Exercise: Locate "Girls Size Large" in the listing. Transcribe the line that contains it and every line that follows, through the last, omitting all pictures.

Data below:
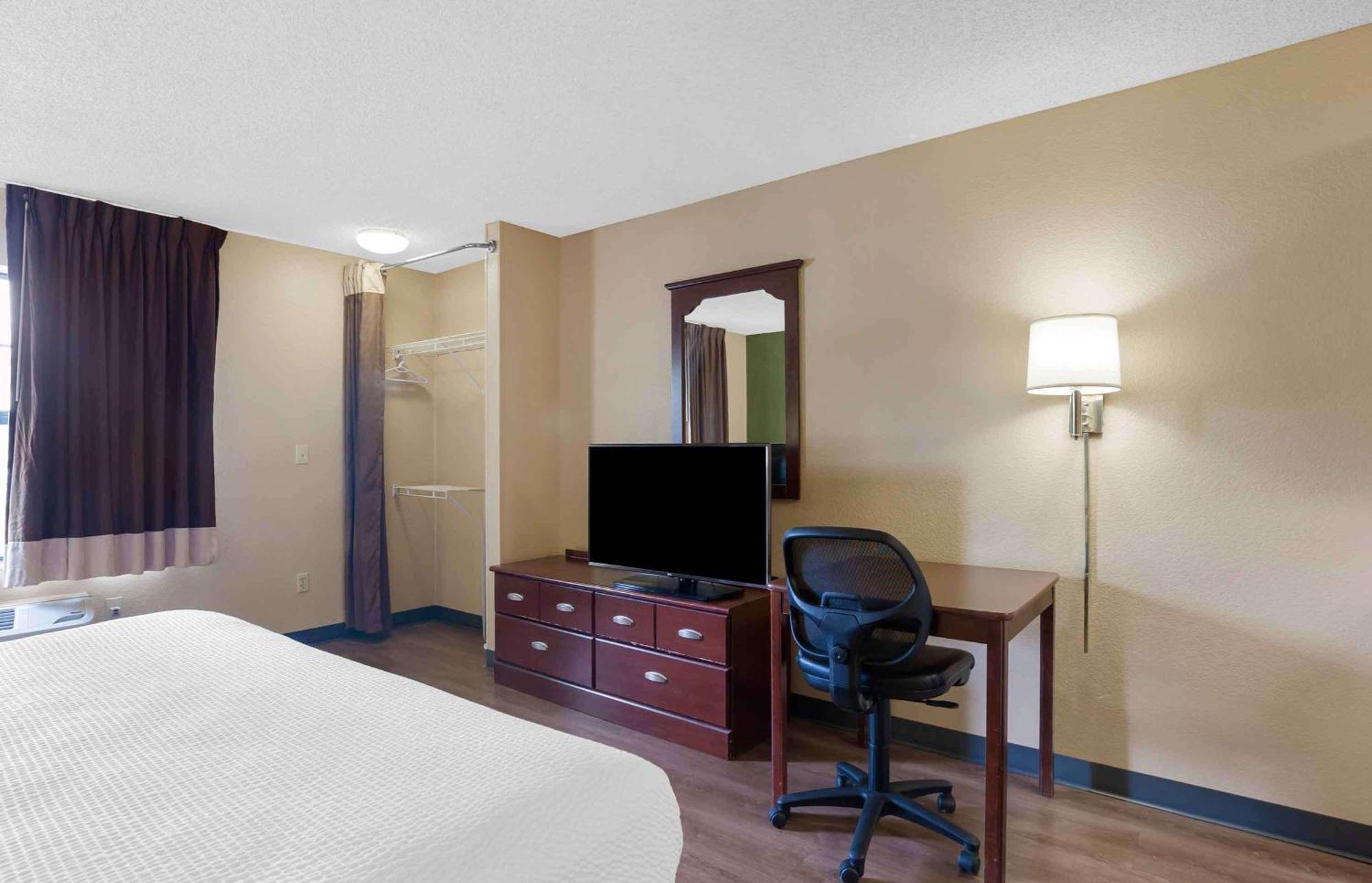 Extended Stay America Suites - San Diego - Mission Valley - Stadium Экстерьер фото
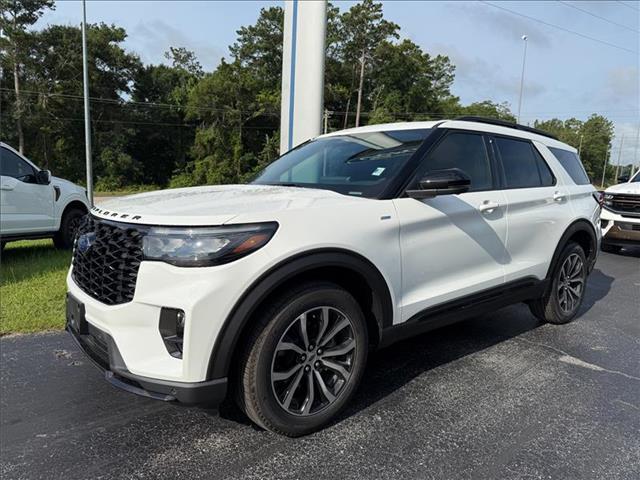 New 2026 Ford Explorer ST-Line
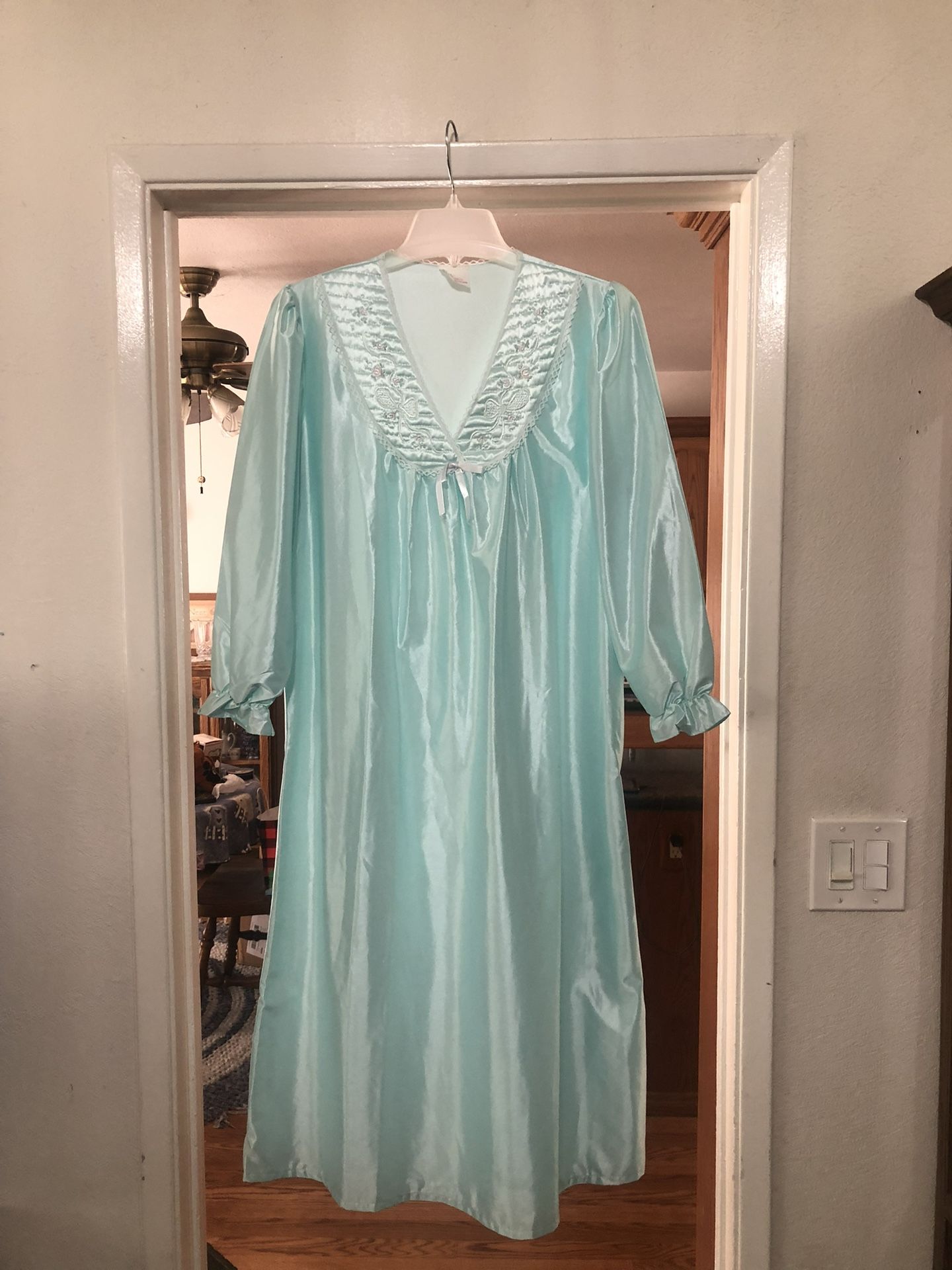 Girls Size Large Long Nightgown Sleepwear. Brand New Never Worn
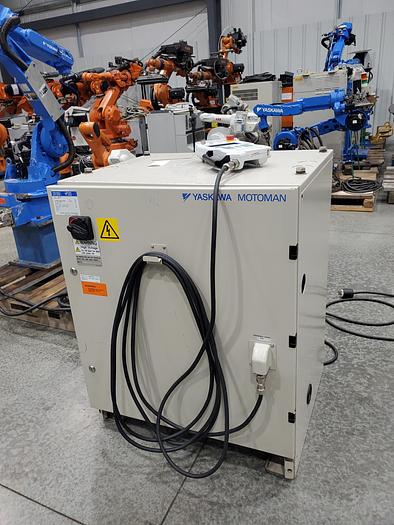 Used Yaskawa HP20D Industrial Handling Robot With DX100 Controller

Answer to the problem:
 Girls Size Large Long Nightgown Sleepwear. Brand New Never Worn
 Used Yaskawa HP20D Industrial Handling Robot With DX100 Controller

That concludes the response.